Within the entries below, please return exactly the lines from the one with "画像ギャラリー No.001のサムネイル画像 /" through the one with "4eme annee revision module 1 et module 2", leaving out any pictures.

» Records for the task

────────

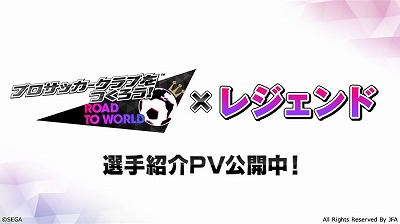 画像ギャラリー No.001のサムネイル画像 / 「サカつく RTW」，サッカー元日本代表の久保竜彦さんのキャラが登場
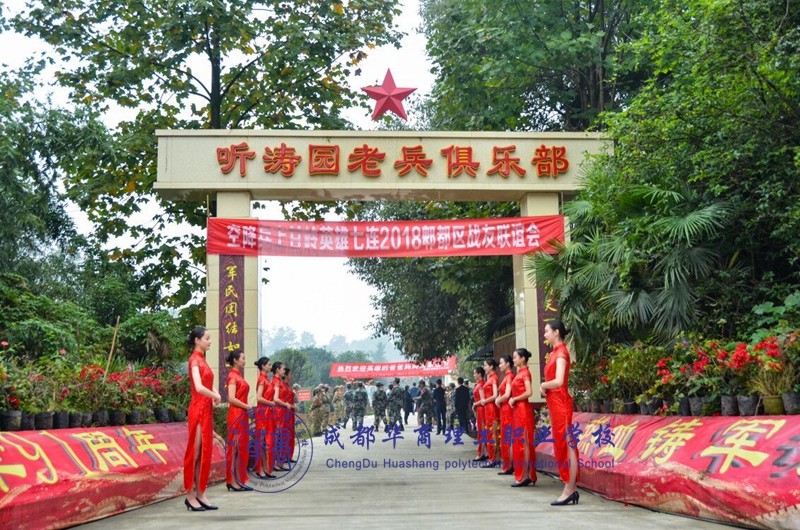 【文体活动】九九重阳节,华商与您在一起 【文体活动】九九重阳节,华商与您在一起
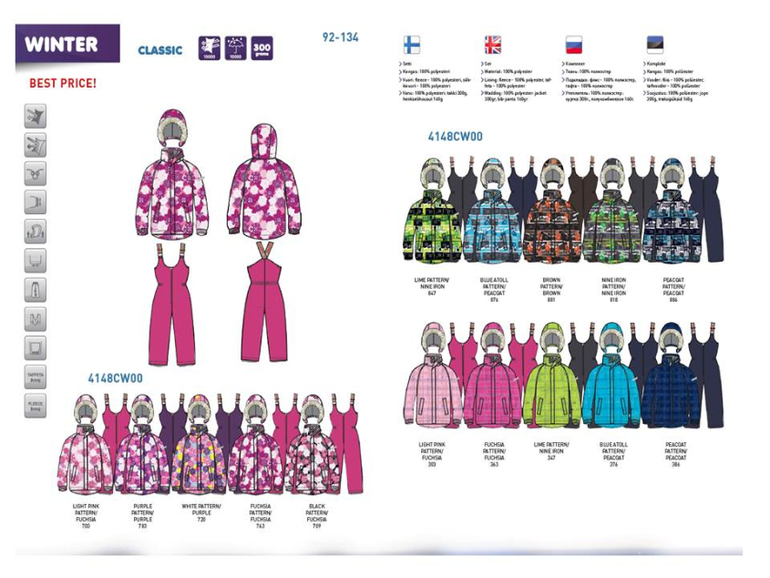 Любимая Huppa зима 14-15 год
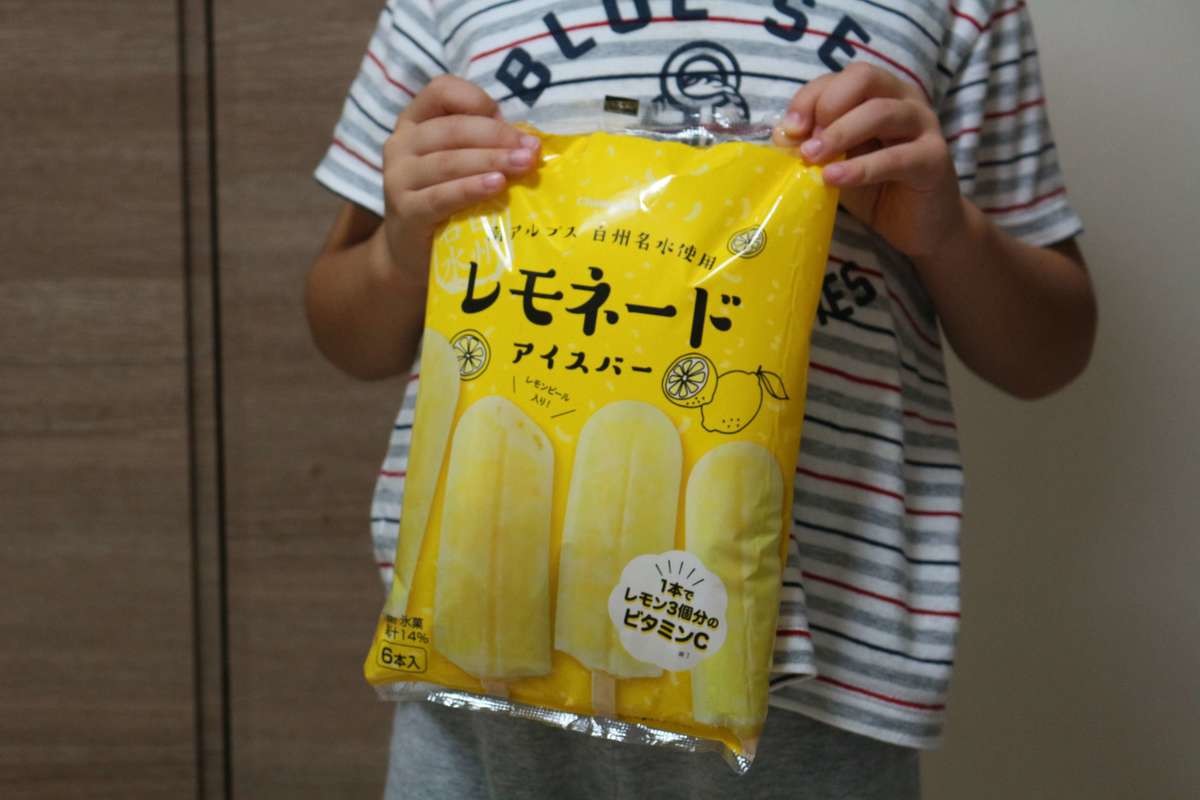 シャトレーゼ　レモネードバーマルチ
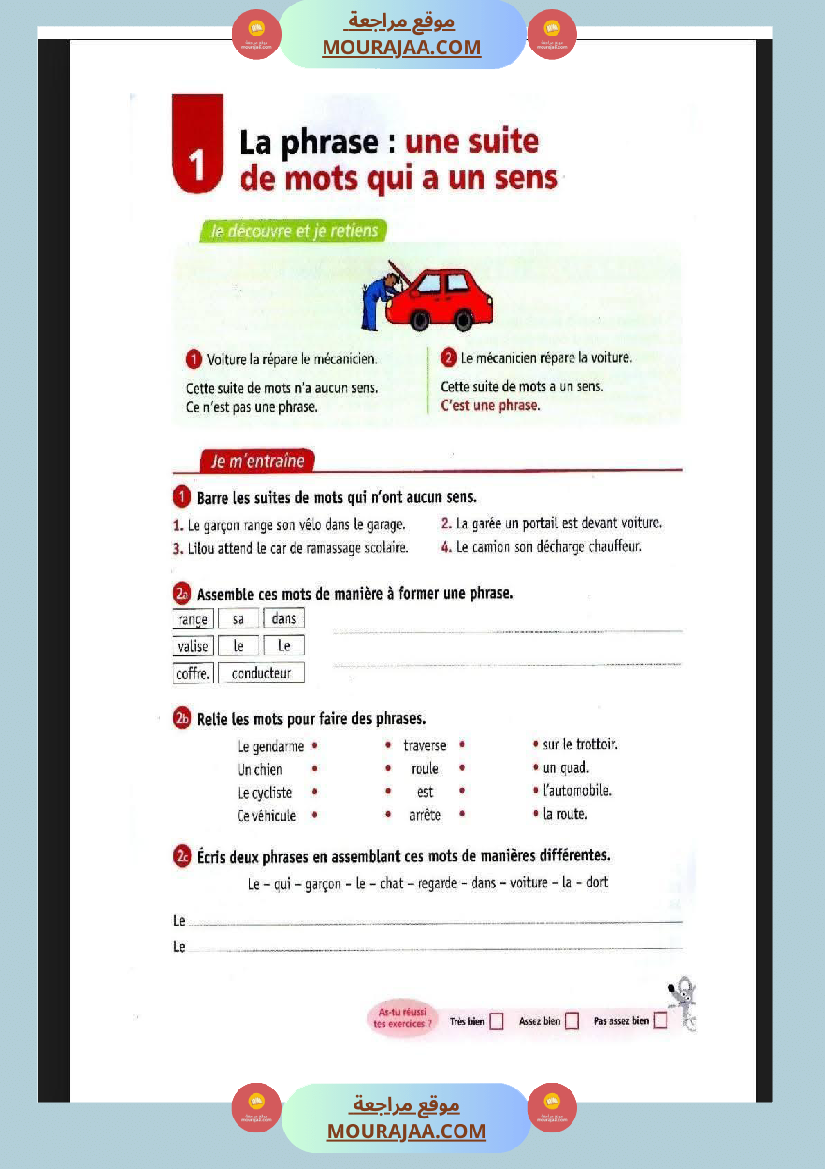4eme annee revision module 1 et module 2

────────

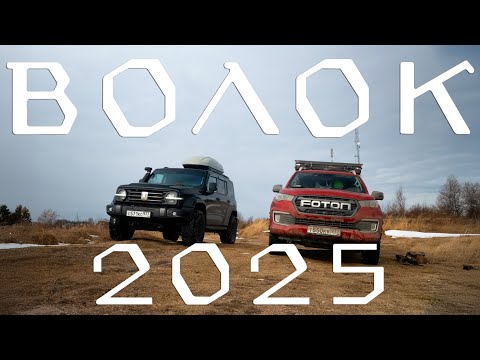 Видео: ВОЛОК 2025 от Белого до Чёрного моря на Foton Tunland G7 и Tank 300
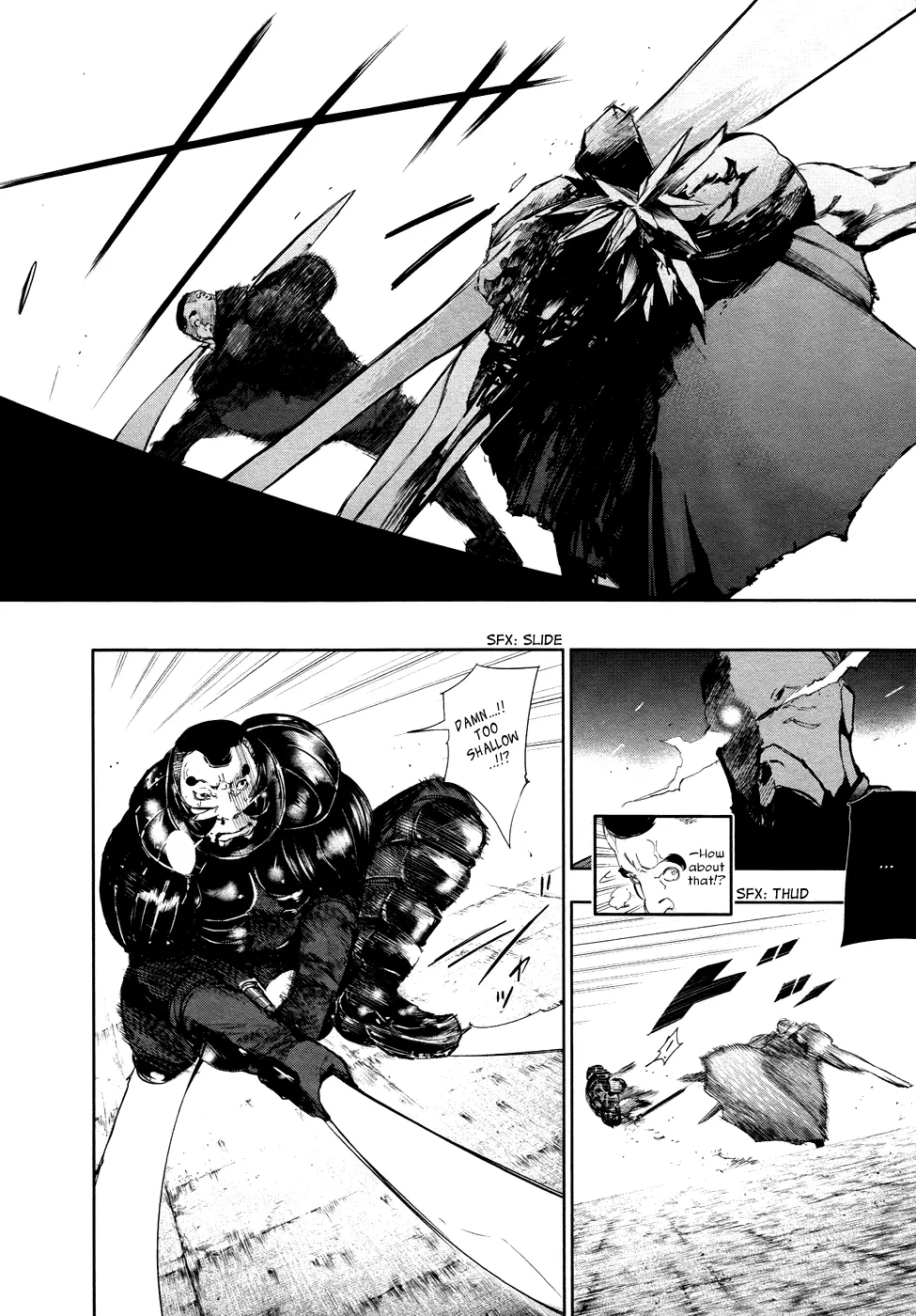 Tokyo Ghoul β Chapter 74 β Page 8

────────

» Answer area
 画像ギャラリー No.001のサムネイル画像 / 「サカつく RTW」，サッカー元日本代表の久保竜彦さんのキャラが登場
 【文体活动】九九重阳节,华商与您在一起 【文体活动】九九重阳节,华商与您在一起
 Любимая Huppa зима 14-15 год
 シャトレーゼ　レモネードバーマルチ
4eme annee revision module 1 et module 2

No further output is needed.